# TASK REQUIREMENTS
Extract the stretch of lines that starts at the line with "Cordaroy's 40 Inch" and ends at the last line of the data below. Give it exactly, without pictures.

*** RECORD EXTRACTS ***

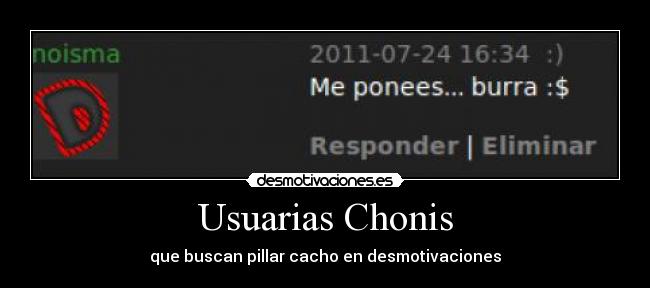 Usuarias Chonis - que buscan pillar cacho en desmotivaciones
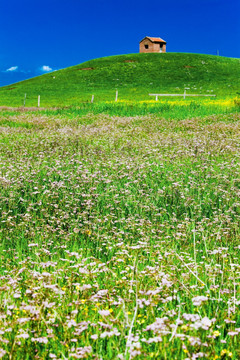 曠野的小屋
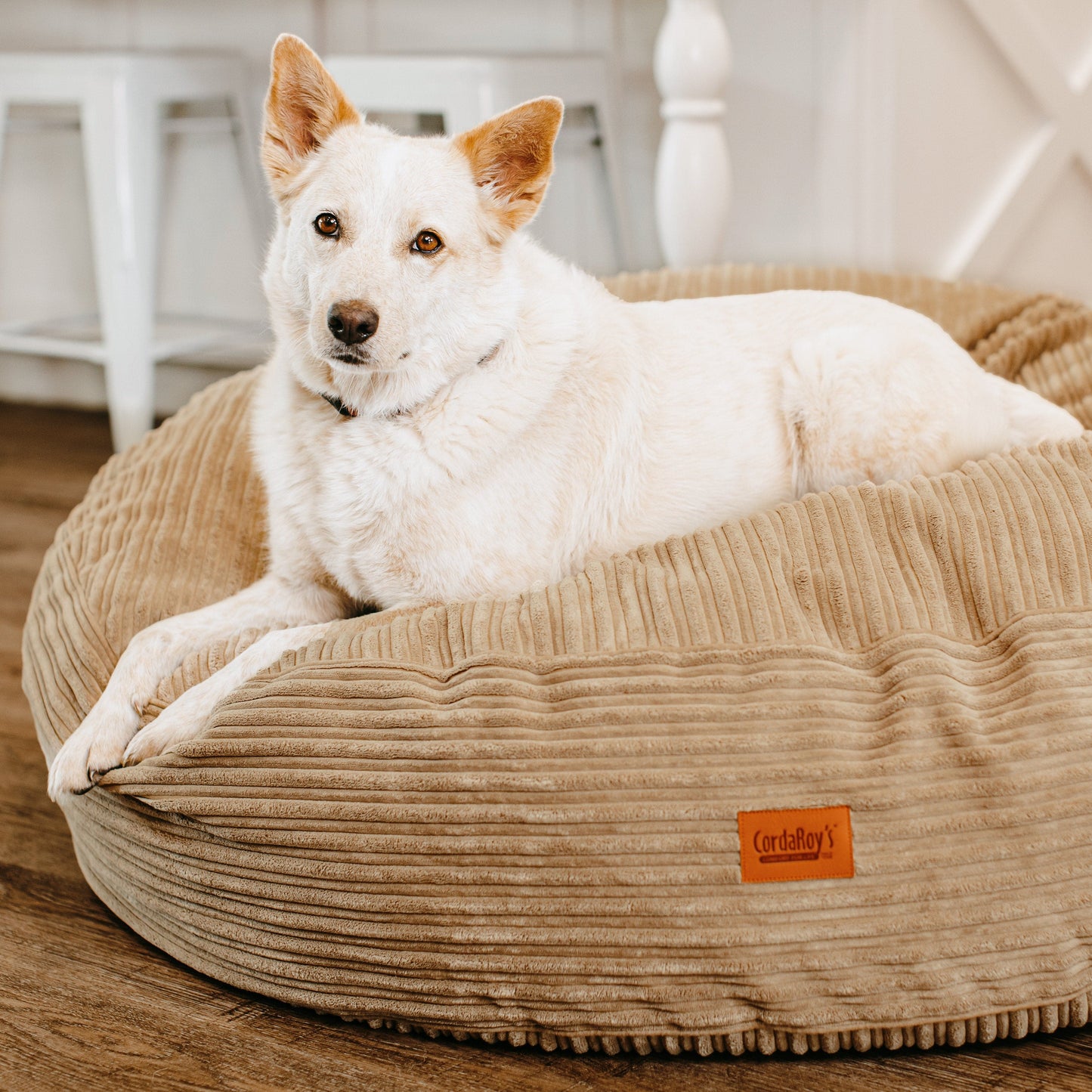 Cordaroy's 40 Inch Forever Dog Beds (Waterproof) - Terry Corduroy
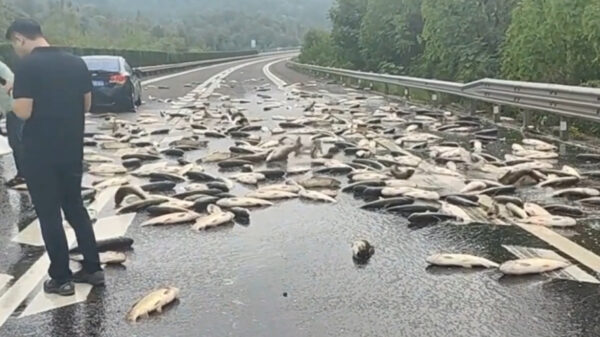 トラック横転で大量の活魚が道路に　渋滞発生【動画あり】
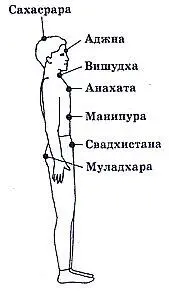 Чакры представляют собой некие ворота расположенные на коконе человека - фото 1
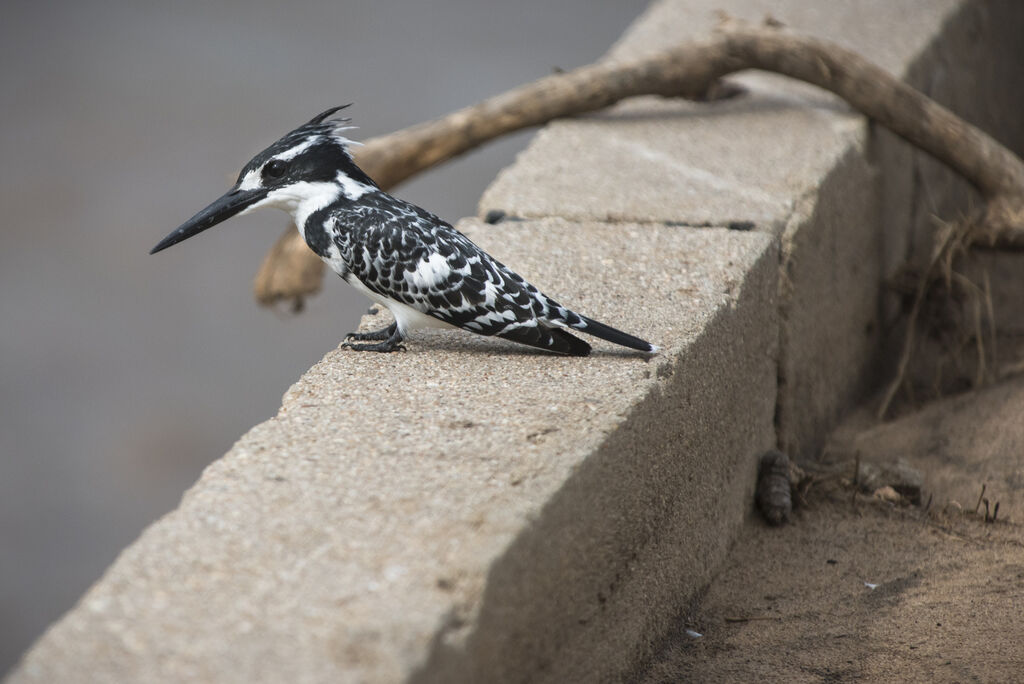 Pied Kingfisher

*** End of RECORD EXTRACTS ***

# ANSWER FOR THIS EXERCISE
 Cordaroy's 40 Inch Forever Dog Beds (Waterproof) - Terry Corduroy
 トラック横転で大量の活魚が道路に　渋滞発生【動画あり】
 Чакры представляют собой некие ворота расположенные на коконе человека - фото 1
 Pied Kingfisher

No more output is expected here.